According to Scientific American, “The word ‘diversity’ is shorthand for a vast effort to remake society to include everyone—not just those in privileged positions—in politics, culture and the pursuit of happiness.” That’s a noble goal, but not an easy one in today’s society. Luckily, it’s also a call-to-arms that millennial parents strive to embrace.
In a 2014 study produced by Katherine W. Phillips, the senior vice dean at Columbia Business School, argues as we do that diversity is not only important, it is crucial to the success of our future generation. So if you’re out there fighting the good fight and you need some encouragement, here are six tried and true science-backed reasons why diversity will help your child succeed in the world ahead.

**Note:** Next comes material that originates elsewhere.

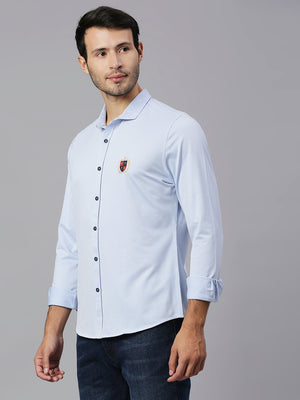 Thomas Scott Men Baby Blue Classic Slim Fit Long Sleeves Spread Collar Pinstripes Knitted Casual Shirt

1. Diversity creates teamwork.
If you want to build a boat, you’re going to need a carpenter, a sailor and a weatherman. No this is not an opening to a joke. To create something that works, you have to have an expert with different knowledge at every step and you have to rely on that person for the knowledge that you lack. What your kids are learning when they work on that economics budgeting project with their friends can mean more than you know if those friends come from different socioeconomic and cultural backgrounds. They’re learning what it is to live and thrive in a globally diverse society where interaction with different people is necessary to succeed. To put it in a way we can all appreciate, Philips states, “You would not think of building a new car without engineers, designers and quality-control experts.” No, no we would not.
2. Diversity changes perspective.
The world would be a sad place if we all looked at a Pollock painting with the same eyes. Or if we all thought McDonald’s was the bee’s knees and so never tried that street taco with a fresh squeeze of lime. We would only need one genre in film, one style of clothing, one sport worth playing. Philips writes, “Being with similar others leads us to think we all hold the same information and share the same perspective,” but with diversity comes all manner of opinions, and with opinions come choice and with choice comes the freedom to change your mind.
3. Diversity breeds creativity.
Simply being around new people with new perspectives brings out curiosity. Curiosity awakens that side of your brain that wants to experiment, to try new things. Creativity is experimental by nature. It makes you think outside the box. People who don’t fit in your box do the same thing. They draw you out into a new world. Poetry might not be your kid’s thing, but hearing a poem read in another language by a native speaker might spur them on to try. According to Philips it’s all about access to “novel information.” New info to use in new ways.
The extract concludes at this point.